Диалектика свободы и необходимости, стихийности и порядка в истории прекрасно выражена Н.А.Бердяевым: “История отяжелена не только природной необходимостью, но и роком, который таинственнее необходимости. Но за этой непереносимой тяжестью скрыта борьба свободы с роком. Поэтому в истории, в которой господствует детерминизм, т. е. каузальные связи, приоткрывается и просвечивает иной план, в более глубоком слое действуют творческие субъекты, прорывается свобода”.

То есть, свобода – суть проявление магии, разрывающей привычную цепь причинно-следственной обусловленности, и она возможна только в жизни Духа. Понимание причинно-следственных связей не есть проникновение в таинство истории, оно – во втором плане, который надо узреть.

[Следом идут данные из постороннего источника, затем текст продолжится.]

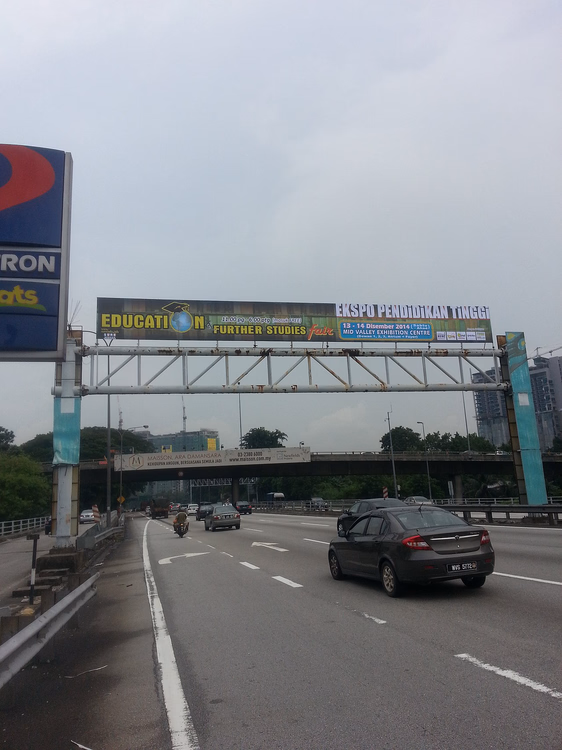 Autobahn in Malaysia mit einem über die Straße gespannten Banner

Тогда откроется, что рок – не проявление природного детерминизма, а воля скрытых сил.

А.Ф.Лосев упоминает о мифологизме европейского естествознания, которое исповедует только одно излюбленное пространство, основанное на формулах, не оставляющих никакого места иным пространствам. Альтернативный подход говорит о том, что в одном из пространств мы можем решить проблему совершенно неразрешимую в пространстве привычном. Перейдя в мифическое пространство мы можем создать целый мир или объяснить, например, феномен оборотничества, а можем расшифровать политическую загадку.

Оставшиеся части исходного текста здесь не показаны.